Dedos y agujas de roca me flanquean y allá arriba, en lo más alto, una enorme roca tenida de blanco se distingue de las demás. Cuatro o cinco carroneros otean el horizonte en busca de alguna presa, y dejan la piedra teñida con sus excrementos.
Uno de ellos emprende el vuelo de repente y sus alas casi abrazan por completo a sus compañeros.
Espectacular…
Me llevo esa imagen conmigo mientras llego al Collado del Arroyo Alfrecho, desde donde podría llegar al Convento de San Antonio, situado más abajo, al sur.
Sin embargo, mis pasos me llevan hacia arriba, siguiendo unas zetas que me harán cruzar por entre dos gigantescos peñascos para trepar después por entre unas rocas, hasta llegar a un pequeño prado de altura. Estoy junto al Cancho de la Cruz, a pocos metros de coronar mi último objetivo del día.
Esta última trepada puedo realizarla de nuevo caminando, sin echar las manos ni una sola vez. Pero, quizás, para más seguridad a alguno le vendría bien mantener el equilibrio gracias a ellas, si lo ve necesario.
Me sorprende encontrar una vieja construcción medio derruída en la cima. El vértice también se encuentra por los suelos.
Mi cuerpo hace rato que ha entrado en calor y ya no siento molestia alguna. «Cuantas diferencias», pienso. Pero ahora tan solo me siento a comtemplar el paisaje.
Y allí quedo… escuchando el silencioso canto de las rocas.
Tras unos minutos, empiezo el descenso, pero esta vez por la cara norte, atravesando un pequeño murete de rocas.
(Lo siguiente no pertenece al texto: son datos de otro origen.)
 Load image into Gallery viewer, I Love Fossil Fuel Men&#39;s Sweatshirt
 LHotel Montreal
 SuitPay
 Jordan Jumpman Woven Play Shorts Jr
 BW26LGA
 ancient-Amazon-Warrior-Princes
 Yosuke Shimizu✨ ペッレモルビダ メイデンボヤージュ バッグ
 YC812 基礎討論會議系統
Esta senda se presentará menos espectacular que la otra, pero será más agradable.
No obstante, decido abandonarla un poco más adelante ya que me está alejando demasiado del Collado, y tampoco quiero perder mucho el tiempo.
Una vez recupero la vereda del PR, deshago el camino andado y vuelvo sobre mis pasos con el sol golpeándome la cabeza. Se acerca el mediodía, y la ola de calor que entra mañana desde el Sáhara empieza a notarse en el ambiente.
El camino de regreso no tiene mucho que mencionar.
Quizás, únicamente, lo espectacular de ver tres enormes aviones de pasajeros dirigirse hacia Barajas desde las montañas y creer que casi puedes tocarlos de lo bajo que vuelan.
He vuelto a encontrar algo que no descubrí, al menos por ahora, en Francia o Italia. Y con eso me voy más que satisfecho.
Según bajo hasta el coche hace más y más calor, y corre menos aire.
Por ello, mi última acción es detenerme en el Cancho del Águila, un bar de carretera muy conocido entre los escaladores madrileños, a tomarme una refrescante cerveza.